* PROBLEM STATEMENT *
Copy the data exactly as it appears, and do not include any pictures.

* THE DATA *
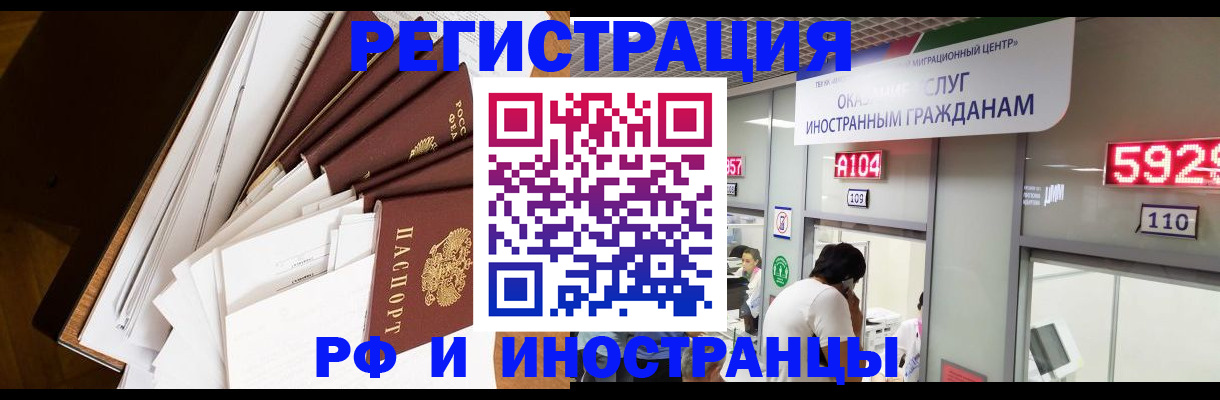 прописка для кредита в Кубинке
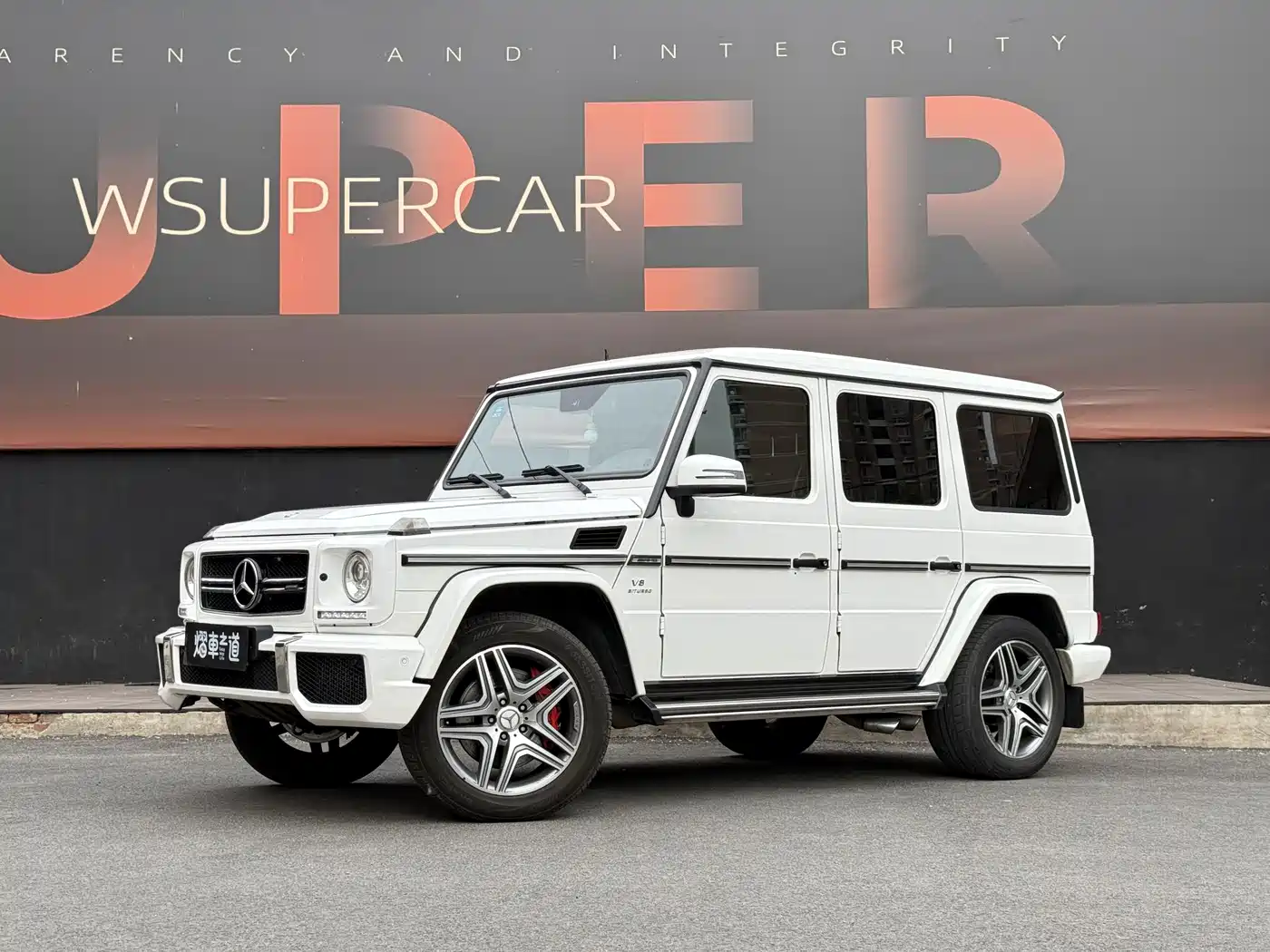 Mercedes-Benz G-Class AMG 2013 AMG G 63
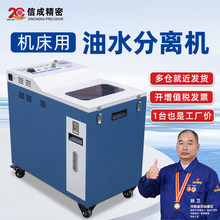 ��ҵ����Һ��ˮ������CZC-6035�����ø��͹�����Ʋ�ͻ�����Һ����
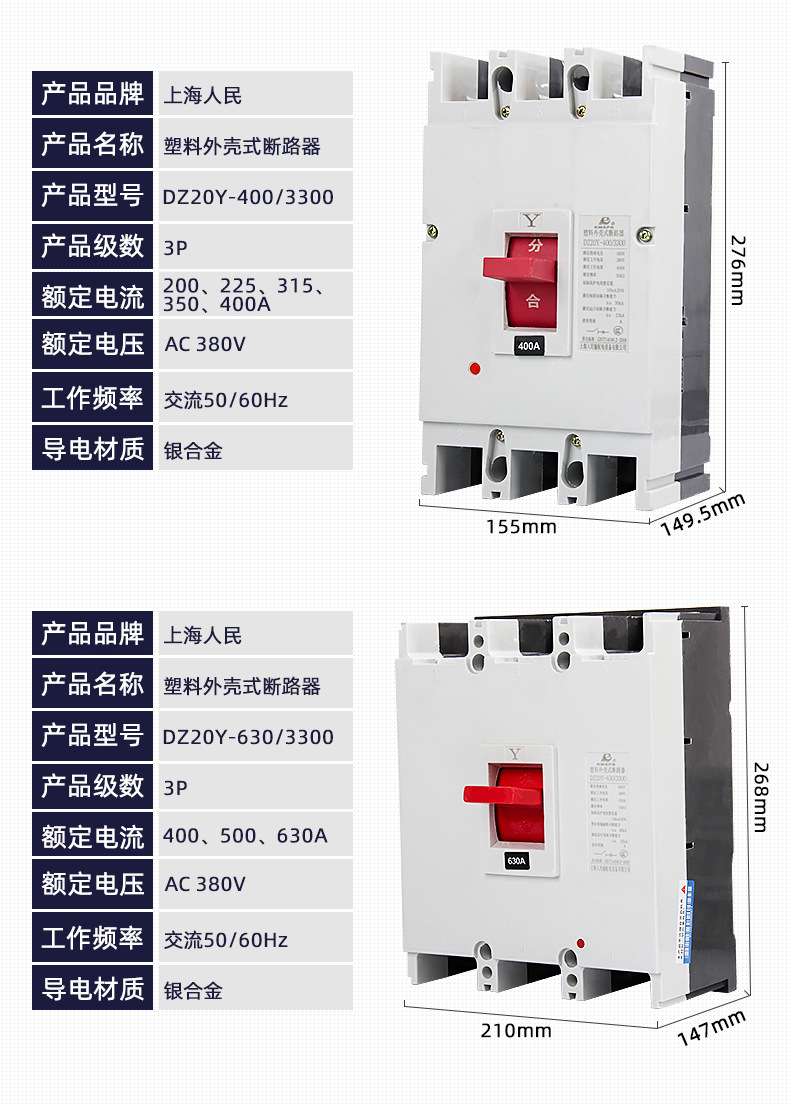 上海人民DZ20Y-100/3300塑壳式断路器三相空气开关63A100A250A详情14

* SOLUTION TO THIS TASK *
 прописка для кредита в Кубинке
 Mercedes-Benz G-Class AMG 2013 AMG G 63
 ��ҵ����Һ��ˮ������CZC-6035�����ø��͹�����Ʋ�ͻ�����Һ����
 上海人民DZ20Y-100/3300塑壳式断路器三相空气开关63A100A250A详情14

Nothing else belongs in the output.